From the right: Patel Is Perfect for FBI

“President-elect Trump’s nomination of Kash Patel as FBI director has sparked a frenzy of outrage,” snarks Rep. Devin Nunes at Fox News, who recalls Patel’s stalwart work for him “uncovering evidence that the entire Russia collusion narrative was a hoax funded by the Democratic Party and the Hillary Clinton campaign and weaponized by our own intelligence and law enforcement agencies.” Even when “directly threatened by top-level Department of Justice officials,” Patel “was fearless, methodical, and intelligent.” For an FBI chief who’ll “transform the bureau into an impartial, trustworthy law enforcement agency that zealously goes after criminals instead of political targets,” “Kash is, bar none, the right man for the job.”

Final frontier: On to Titan — Maybe Permanently

In “another win for Elon Musk’s launch company,” smiles Mark R. Whittington at the Hill, NASA chose the “SpaceX Falcon Heavy to launch the Dragonfly aerial probe to Titan” because it could “reduce the time Dragonfly would take to get to Titan.” SpaceX’s “relentless drive to make space launches cheaper and more reliable” has also “made the Artemis return to the moon program possible,” while “benefiting planetary missions as well.” When Dragonfly lands “in 2034, after a six-year voyage,” it’ll explore “using eight rotor blades as a vertical takeoff and landing drone” to “examine one of the most enigmatic celestial bodies in the solar system.” Who knows? “Children growing up today may live to see, in their old age, settlers braving the cold and deadly conditions of the strangest of new worlds, like Titan.”
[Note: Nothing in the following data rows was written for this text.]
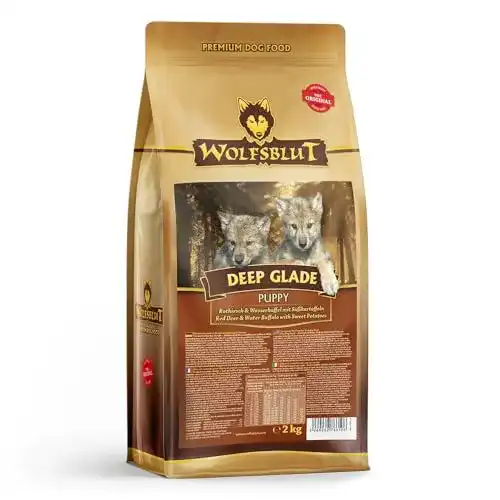 Wolfsblut-Welpenfutter Wolfsblut Deep Glade Puppy 2 kg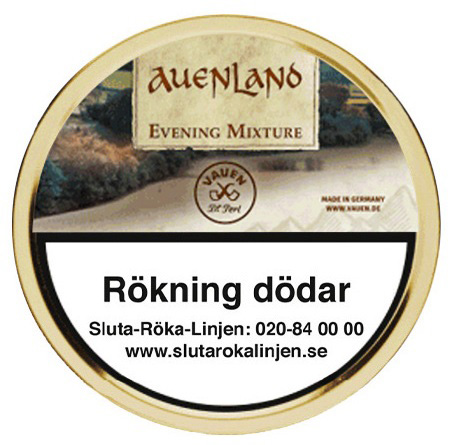 VAUEN Auenland Evening Mixture 50g Piptobak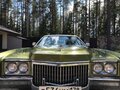 1971 Cadillac Eldorado IX, зелёный - вид 1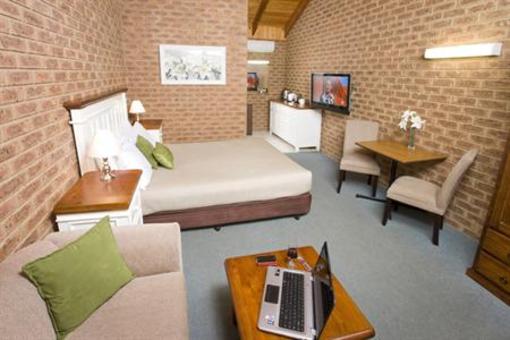 фото отеля Carriage Motor Inn Beechworth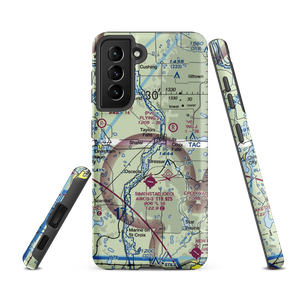 Taylors Falls Airport (62MN) VFR Sectional Samsung Phone Case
Libertarian: A Tentative Win for Small Business

“Last week, a federal judge in Texas issued a temporary restraining order against a new requirement that small companies identify their owners to the federal government,” cheers Reason’s J.D. Tuccille. The judge found the law “didn’t even pretend to assert constitutional justification” for the rule. Good: “Many small businesses remain unaware of the intrusive rule” and face steep fines imposed via the Corporate Transparency Act in 2021, set to take effect in January. This follows a related federal-court ruling that imposed a nationwide injunction against the CTA — but the Biden administration “intends to appeal the decision,” so “the legal fight over the constitutionality of the CTA and the rules it imposes continues.” For now, “celebrate a welcome slap-down of an effort to expand government intrusions into new areas of our lives.”